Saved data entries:
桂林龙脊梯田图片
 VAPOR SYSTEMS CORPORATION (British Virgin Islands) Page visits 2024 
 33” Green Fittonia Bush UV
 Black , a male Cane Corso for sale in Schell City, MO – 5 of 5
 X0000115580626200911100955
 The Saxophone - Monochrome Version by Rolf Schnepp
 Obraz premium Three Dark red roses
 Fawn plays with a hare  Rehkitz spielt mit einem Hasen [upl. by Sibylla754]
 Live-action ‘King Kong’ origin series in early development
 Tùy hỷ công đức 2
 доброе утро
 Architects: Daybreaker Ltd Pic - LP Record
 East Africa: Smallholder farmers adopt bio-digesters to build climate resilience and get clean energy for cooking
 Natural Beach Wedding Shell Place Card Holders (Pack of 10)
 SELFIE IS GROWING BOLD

## [WORK REQUEST]
Each entry above must be retyped exactly.

## [TASK ANSWER]
桂林龙脊梯田图片
 VAPOR SYSTEMS CORPORATION (British Virgin Islands) Page visits 2024 
 33” Green Fittonia Bush UV
 Black , a male Cane Corso for sale in Schell City, MO – 5 of 5
 X0000115580626200911100955
 The Saxophone - Monochrome Version by Rolf Schnepp
 Obraz premium Three Dark red roses
 Fawn plays with a hare  Rehkitz spielt mit einem Hasen [upl. by Sibylla754]
 Live-action ‘King Kong’ origin series in early development
 Tùy hỷ công đức 2
 доброе утро
 Architects: Daybreaker Ltd Pic - LP Record
 East Africa: Smallholder farmers adopt bio-digesters to build climate resilience and get clean energy for cooking
 Natural Beach Wedding Shell Place Card Holders (Pack of 10)
 SELFIE IS GROWING BOLD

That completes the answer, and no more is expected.